Curiosidades da Partolândia VII: O cordão umbilical não precisa ser cortado em nenhum momento específico. Se a família quiser, pode esperar a hora do banho da mãe, ou da pesagem do bebê. Se o bebê nasce na rua ou em casa, é para deixar o cordão ligado. O cordão não faz mal ao bebê! Não tenha pressa!


Curiosidades da Partolândia VIII: A gravidez humana dura EM MÉDIA 38 semanas a partir da concepção ou 40 semanas a partir da última menstruação. Quando falamos que a gestante está de 28 semanas, estamos contando da menstruação. Se fôssemos falar a partir da concepção, diríamos 26 semanas. A contagem em mês é artificial e aleatória. Com 28 semanas tem gente que chama de 7 meses, tem gente que chama de 6 meses, tem gente que chama de 6,5 meses. Contagem em meses não serve para nada.

Curiosidades da Partolândia IX: Apgar é uma nota que se dá ao bebê quando ele nasce. Não precisa fazer nada, só observar o bebê. A primeira nota se dá com 1 minuto de vida e não tem significado algum. A segunda nota se dá com 5 minutos de vida e diz mais ou menos as condições do recém nascido naquele momento.
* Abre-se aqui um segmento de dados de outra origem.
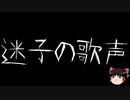 【ゆっくり怪談】ChatGPTで怪談作ってみた。その93【AI怪談】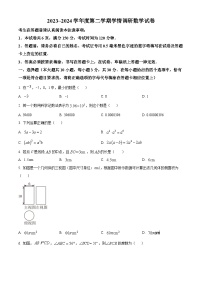 2024年江苏省南通市海门区中考二模数学试题（原卷版+解析版）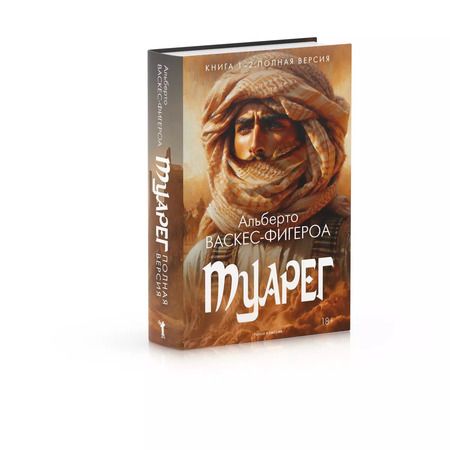 Фотография книги "Альберто Васкес-Фигероа: Туарег. Книга 1-2. Полная версия"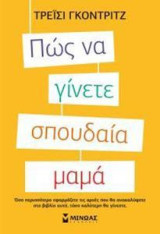 Πως να γίνεται σπουδαία μαμά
Qualquer nota acima de 7 no quinto minuto já é uma nota ótima. A nota do primeiro minuto não é levada em consideração em nenhum tipo de levantamento. É só para divertir a audiência.

Curiosidades da Partolândia X: A medida do comprimento do recém nascido não serve para nada, o bebê sempre está encolhido, então não dá para medir. Só serve para a diversão da galera, e não entra em nenhum levantamento de saúde. Nem entra na DNV, declaração de nascido vivo. É que nem medir o bíceps de um menino de 8 anos para saber se ele é forte. Se 3 pessoas medirem o recém nascido, teremos 3 medidas diferentes. A única medida que tem função é o peso.

Curiosidades da Partolândia XI: o cordão umbilical é preenchido de uma geléia elástica que faz com que ele seja praticamente “incomprimível”, mantendo assim os vasos sanguíneos bem protegidos. Por isso que em situações normais, circulares de cordão (seja quantas forem), não tem qualquer significado!




Curiosidades da Partolândia XII: na imensa maioria das situações, quem determina a entrada em trabalho de parto é o bebê. Quando seu pulmão (último órgão a amadurecer) fica pronto, começa a produzir surfactante, que cai no líquido amniótico e provoca uma reação em cadeia que faz a mulher entrar em trabalho de parto. Portanto quando a mulher não está em trabalho de parto significa que o bebê não está maduro, simples assim. Para entrar em trabalho de parto, não adianta escalda pé, acupuntura, comida apimentada e escrever cartas. O que adianta é pedir pro bebê produzir logo um pouco de surfactante

Ana Cristina Duarte é formada em obstetrícia em 2008 pela USP/EACH, faz atendimento de pré-natal e parto domiciliar.